Ella levanta la mirada. Sus ojos recorren mi rostro con esa mezcla suya de ternura y análisis. Me conoce demasiado bien para que mis respuestas vagas la engañen.
—Ven —dice, dando una pequeña palmada en el sofá junto a ella.
Dudo apenas un segundo, luego camino hacia ella y me dejo caer en el asiento. El silencio se instala entre nosotras. Mi madre cierra el libro con un gesto pausado y lo deja a un lado, dedicándome toda su atención.
—¿Quieres hablar de algo?
Miro mis manos, entrelazando los dedos sin darme cuenta. Hay tanto que podría decirle: la confusión, las cosas extrañas que he visto, la sensación constante de estar a punto de descubrir algo que cambiará todo.
Pero lo único que logro decir es:
—No lo sé.
Ella ladea la cabeza ligeramente, sin apresurarme.
—Últimamente te noto distinta —comenta—. Pareces distraída, como si tuvieras mil cosas en la cabeza.
Aprieto los labios.
Tiene razón.
—Supongo que... me siento rara. Como si todo a mi alrededor estuviera cambiando y yo apenas lo noto —murmuro.
Ella asiente, como si entendiera más de lo que yo misma alcanzo a decir.
—A veces pasa —dice, apoyando un codo en el reposabrazos del sillón—. Crecemos, el mundo se mueve, y de pronto sentimos que ya no encajamos donde antes todo parecía claro.
Sus palabras me calman, aunque sé que lo mío es distinto. Más grande. Inexplicable.
Mamá sonríe, de esa forma suya de hacerme creer que todo estará bien.
—Cuando tenía tu edad —continúa— también sentía que el mundo se me deslizaba entre los dedos. Como si la vida cambiara de forma sin avisar.
La miro de reojo, sorprendida. Nunca me había preguntado cómo había sido ella a mi edad.
—¿Y qué hiciste?
Ella suspira, cruzando las piernas con lentitud.
—Nada.
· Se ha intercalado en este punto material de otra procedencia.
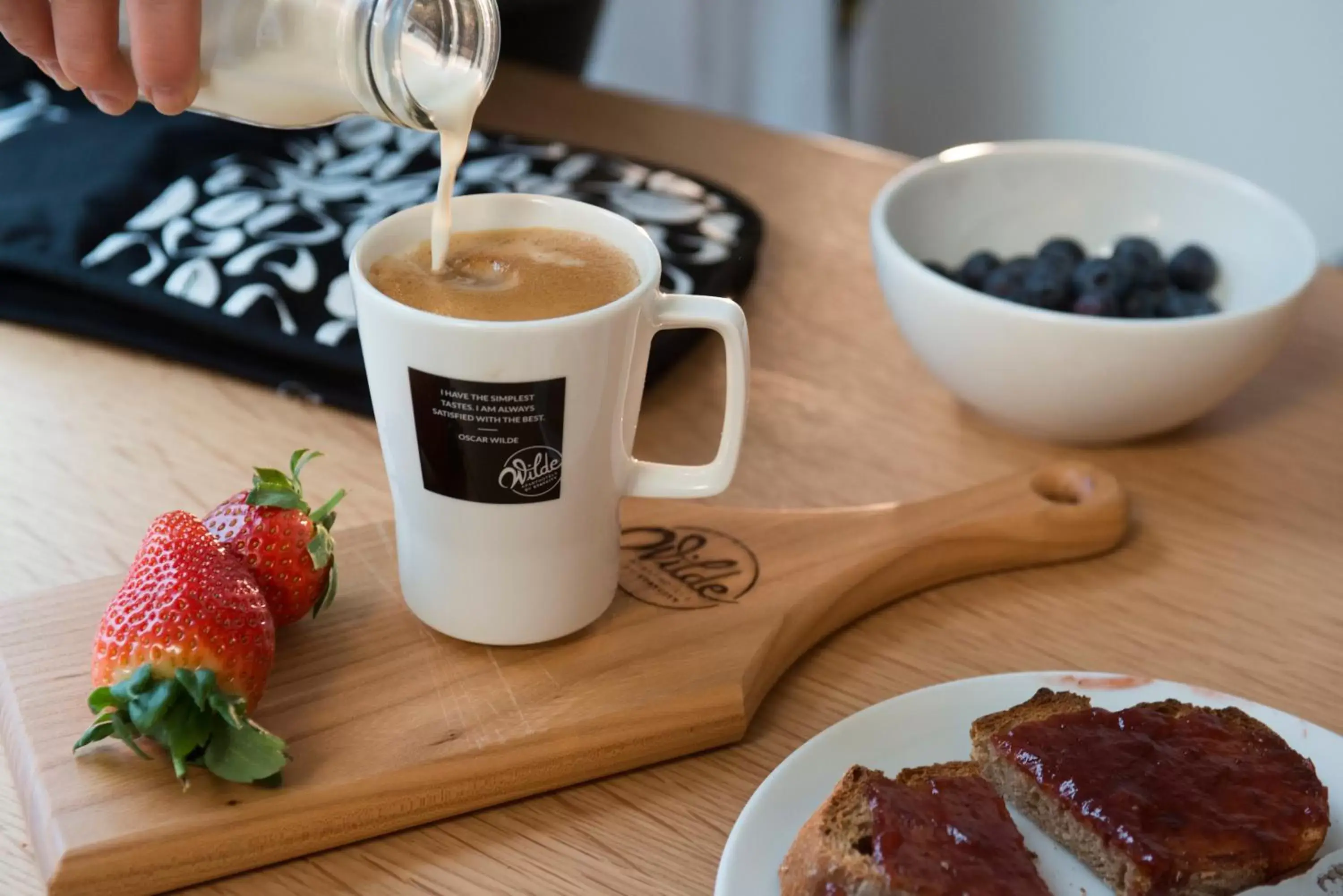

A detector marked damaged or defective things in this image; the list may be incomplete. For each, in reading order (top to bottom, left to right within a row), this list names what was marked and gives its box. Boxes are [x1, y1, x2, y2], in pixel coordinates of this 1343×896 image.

wilde logo burned into board [615, 526, 757, 610] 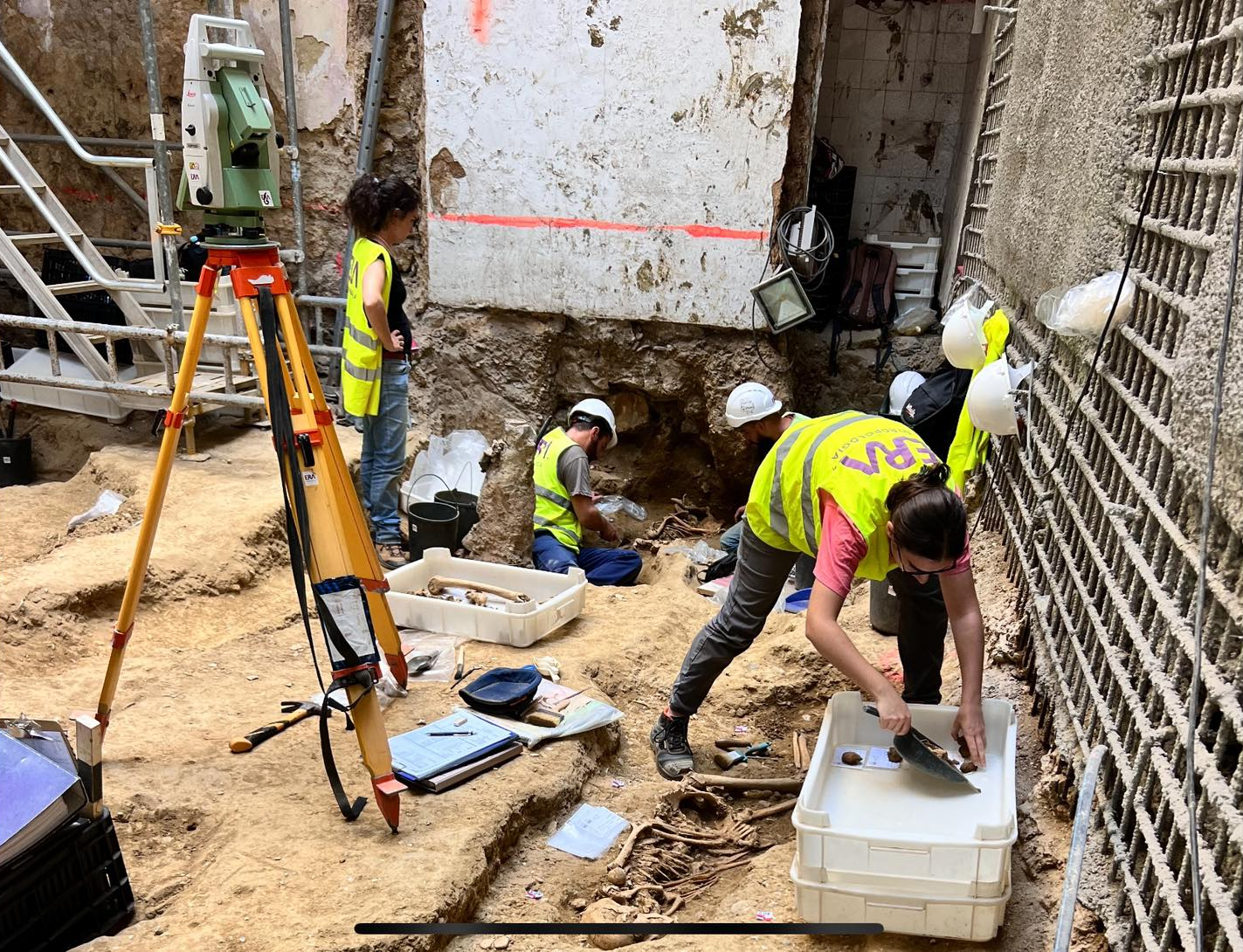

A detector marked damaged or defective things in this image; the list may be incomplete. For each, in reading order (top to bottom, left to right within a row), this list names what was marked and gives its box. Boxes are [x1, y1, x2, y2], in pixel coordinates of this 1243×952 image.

peeling plaster wall [422, 0, 800, 330]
Dejé que la sensación viniera... y que se fuera. No todo necesita una respuesta inmediata.
Asiento, aunque no estoy segura de que mi situación pueda resolverse tan simple.
Ella se incorpora con suavidad.
—¿Tienes hambre?
La pregunta me saca una sonrisa, pequeña, inesperada.
—Un poco —admito.
—Vamos —dice, con esa energía ligera que siempre sabe usar cuando ve que la necesito.
Nos dirigimos a la cocina. Mamá empieza a sacar cosas de la nevera mientras yo busco platos en los estantes, moviéndonos en una rutina silenciosa que no necesita instrucciones.
—¿Sándwiches? —pregunta, levantando dos rebanadas de pan.
—Perfecto.
Me concentro en untar mantequilla mientras ella corta tomates con precisión tranquila.
—¿Sabías que de pequeña insistías en cocinar sola? —dice de pronto, con una sonrisa traviesa.
Alzo una ceja.
—¿En serio?
—Terrible cocinera, pero testaruda como tú sola —se ríe, negando con la cabeza.
Finjo indignación, aunque no puedo evitar sonreír.
—Determinada. Esa es la palabra que prefiero.
—Ajá, claro —murmura ella, divertida.
El ambiente se aligera con cada pequeño gesto. Preparamos los sándwiches y nos sentamos, compartiendo un silencio cómodo.
Mientras como, levanto la vista; mamá me observa, tranquila, presente.
—Gracias, mamá —murmuro de repente.
Ella arquea una ceja.
—¿Por qué?
Me encojo de hombros, sintiendo una calidez extraña en el pecho.
—Por estar aquí.
Helen solo sonríe. No dice más. No hace falta.
Después de cenar, subo con pasos lentos, como si el simple acto de subir pudiera contener el caos que llevo dentro.
Por un momento, todo parece en su sitio.
No entiendo lo que está pasando ni qué papel tiene Aiden en esto, pero esta noche no quiero respuestas.
El silencio basta.
Me meto en la cama, llevo las sábanas hasta mi pecho. El cuarto está oscuro, salvo por el resplandor tenue de la lámpara de la calle que se cuela por la ventana entreabierta.
Cierro los ojos. Respiro hondo, intentando engañar a la mente, darle unas horas de tregua.
Quizá mañana todo encaje.
O no.
Pero esta vez no lucho contra el cansancio. Me dejo arrastrar, despacio, sin resistirme.
Primero, oscuridad. Un espacio sin forma ni tiempo.
Luego, los destellos.
Ráfagas de luz blanca cruzan mi visión como relámpagos atrapados en la nada. Iluminan escenas fugaces:
Una silueta a lo lejos, de espaldas.
La luna, enorme y cercana, dominando el horizonte.